The working titles for this episode in pre-production were “A Slide is Just a Slide” and “As Space-Time Goes By.”

· · ·

“We had a freelance script called ‘A Slide is Just a Slide’ that had been lying around for months,” Keith Damron explains. “The story was supposed to be our mid-season encounter with our old nemesis Dr. Oberon Geiger. The original pitch from the writer Eric Morris was that our Sliders end up in sort of a “composite world”. A splinter dimension made up of fragments of worlds that our heroes had previously visited. The concept was interesting enough and sort of fit in with Dr. Geiger’s quest to combine the multi-verse. After a meeting with Eric we distilled the story down into a sliding version of Casablanca and had him write it.

“Our gang arrives in seemingly familiar terrain around the Chandler but are surprised to find this mini-Earth clogged with a hodgepodge of characters and structures that they’ve encountered on previous slides. This is not the smooth seamless utopian world that Oberon Geiger had envisioned. People from such noted places as skirted cops world, nudist world, gun slinging lawyers world, Egyptian world and Amish world to name a few, would wallpaper the varied environs. We would also meet a few familiar faces—Holly from The Alternateville Horror, Hal the bartender, the dreaded Kromagg Kolitar and even Barry Lipschitz. All of whom are thrown together into this extra-dimensional collage. All of whom are trying to find a way out through any means possible. When they discover that Rembrandt, Maggie, Mallory and Diana do posses such an out, they each try to entice, cajole, beg and even threaten our heroes for passage.

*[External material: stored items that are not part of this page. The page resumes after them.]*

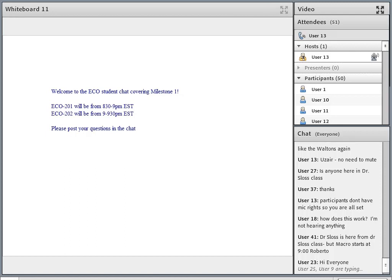All right, everyone, I got our recording set up, and now it's 8:30, so we can go ahead and get started. Just a quick reminder, we are going to start with the ECO 201 class. Looks like there are about 50 people joining us, so if any of you are here for ECO 202, feel free to hang out for the next half hour and relive ECO 201, or you can come back and join us at 9 when we will pivot over to the ECO 202, Milestone 1.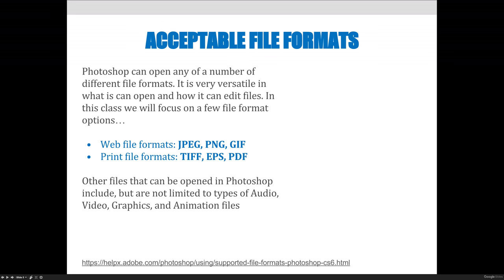In this class we will focus on a few file format options. What I'd like you to know right now is that JPEG, PNG, and GIF files are web file formats. Web file formats are great for the web or digital devices because those formats are trying to make the file as small as possible.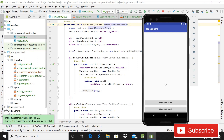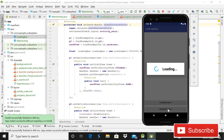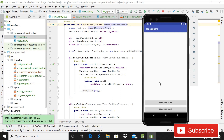Hey guys, welcome back to Code Spears. Today in this video I will show you how you can implement a custom progress bar in your Android app. As you can see on the screen, when I click on button one, progress bar one is showing, and when I click on button two, progress bar two shows. So today I will show you how to implement these two progress bars.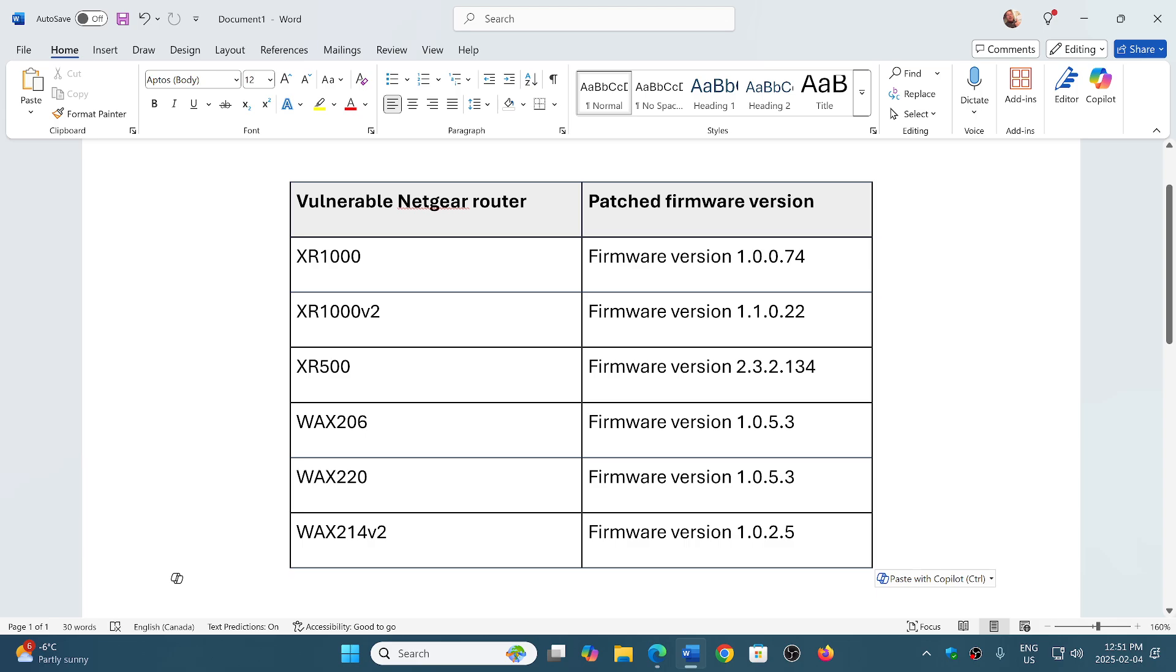And you know what, even if you don't have one of those models, why not go to the Netgear page if you have a Netgear router and see if you have anything that has to be updated to stay safe.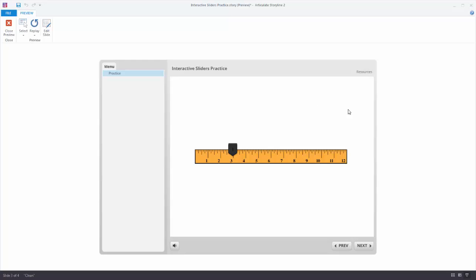There are a lot of neat things you can do with sliders — you can customize them, change the values, and it's really easy working with those triggers. In the next tutorial we're actually going to build out that moon phase activity, which will give you a little more practice. Then it's just a matter of figuring out how you want to use sliders in your next eLearning course.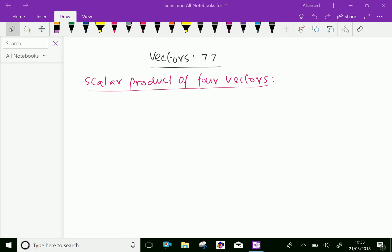Welcome to aminacademy.com. In vectors, let us discuss the scalar product of four vectors.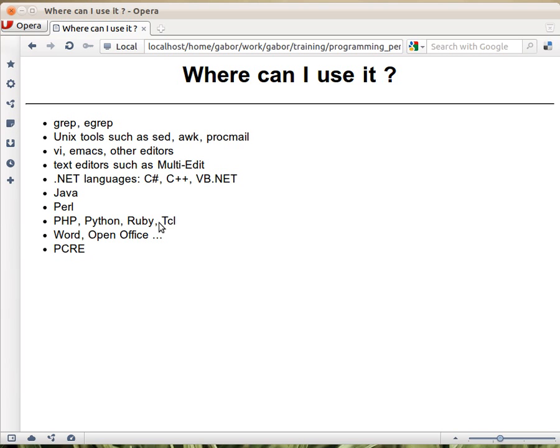So what's the environment? Again, regular expressions is a separate language, so it's inside PHP, let's say, or inside Python. But in all of these cases, there are function calls, or in some cases there are separate classes, like in Java. This is a class, so you have all kinds of methods on the class, and so on.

“The problem with ‘A Slide is Just a Slide’ is that we drew many of the classic film parallels to extremes and later regretted it,” he continues. “From a scene with Holly feigning affection for Mallory in exchange for the timer—to another scene with a bar full of drunken Kromagg soldiers belting out war hymns. We even toyed around with the idea of having Rembrandt take on the Victor Lazlo role—fueling the resistance movement to undo Geiger’s work and return everyone to their own world. Our version was just a little (a lot?) too much on the nose.”

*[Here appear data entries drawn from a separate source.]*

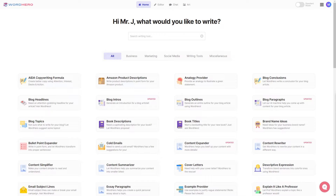Hello guys, my name is Mr. J from WordHero and welcome back to the channel. In today's video, I'm going to show you how to use a brand new feature that we added to the WordHero website called Enhance Mode GPT-4.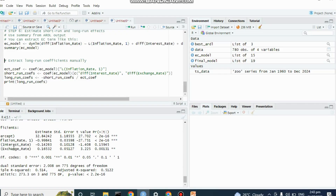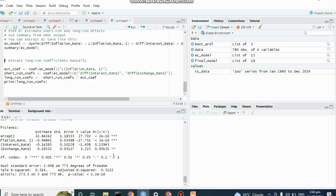For interest rate, the coefficient is negative but not statistically significant, meaning one unit increase in interest rates leads to a short run decrease of about 0.14263 in inflation, but this is not significant. For exchange rate, the coefficient is positive at 0.165 and is statistically significant, meaning a one unit increase in exchange rate increases inflation in the short run by 0.16532.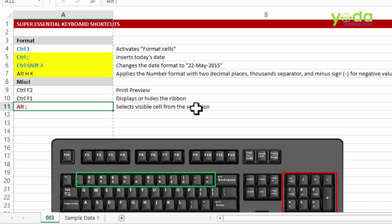Practice all this and trust me as you work with Excel more and more these shortcuts keys are going to save a lot of time.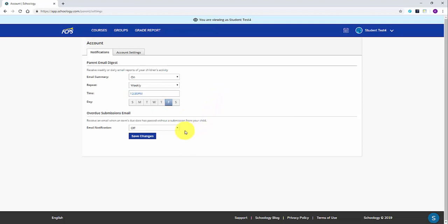There is also an option to receive an email notification if your student misses a due date on an assignment. These notifications can be turned on and off as needed later on.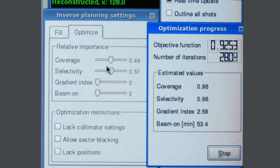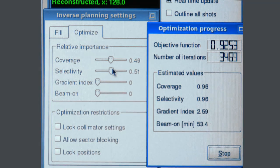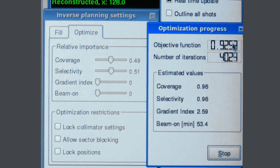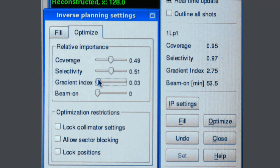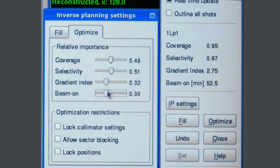A personal favourite is to give equal weight to coverage and selectivity. The scoring function displayed is then equal to the Paddock or new conformity index. However, if for some reason I was more concerned with reducing treatment time or increasing dose gradient, I can simply increase the weight of that particular parameter and then re-optimise.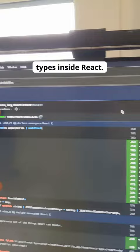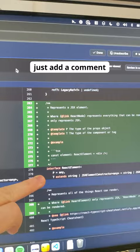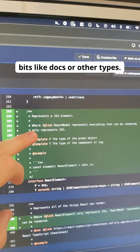So basically what you can do is just add a comment above an interface here saying it represents a JSX element. And then you can link to other bits like docs or other types. So we're linking ReactNode. So there's links to the ReactNode type.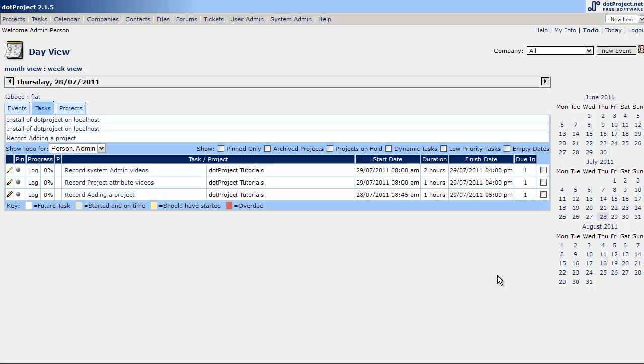OK, so now we've added a project, we've added tasks, and now the main thing, we've got to add users. Unless you're going to be a one man band and be the only user or the only project worker on your project, then you probably have multiple people and you're going to want to sign up.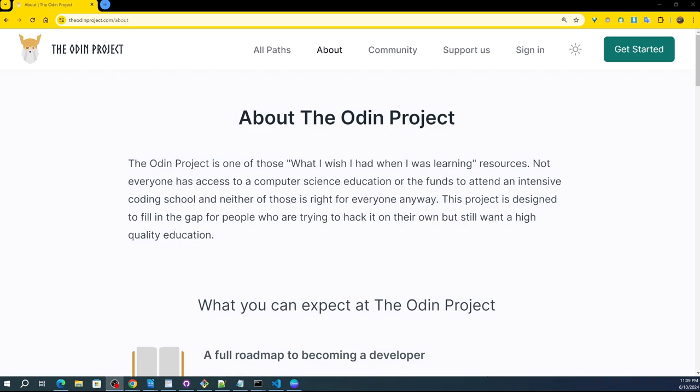I found this website which I didn't know existed, but I found it through a YouTuber who mentioned it and I found it rather fascinating. It is free, as you can see up here. I am not signed in. It's called the Odin Project. It is open source.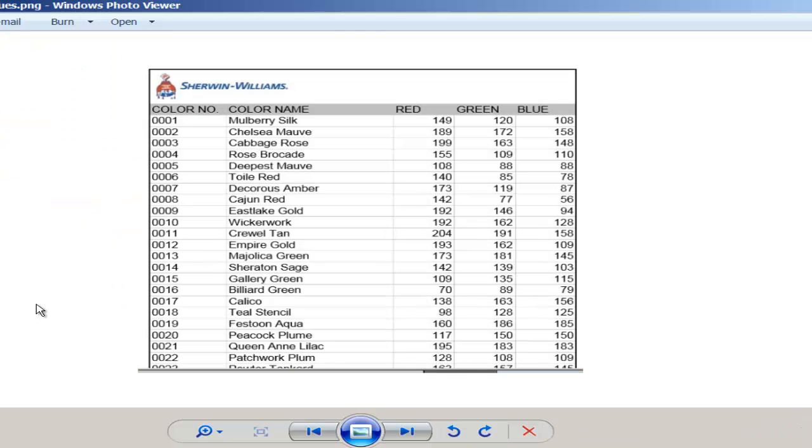If you know the red, green, blue value of that color, you can add it.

A page one rewrite later, viewers got the mess they saw.

· · ·

Is that Jerry O’Connell’s face when Geiger works his magic on Mallory? It sure is. After all the legal hassles that came about at the beginning of the fifth season, production got permission to use O’Connell’s image. It’s footage from Genesis where Quinn is tortured by the Kromaggs.

Look hard, though; it isn’t easy to see.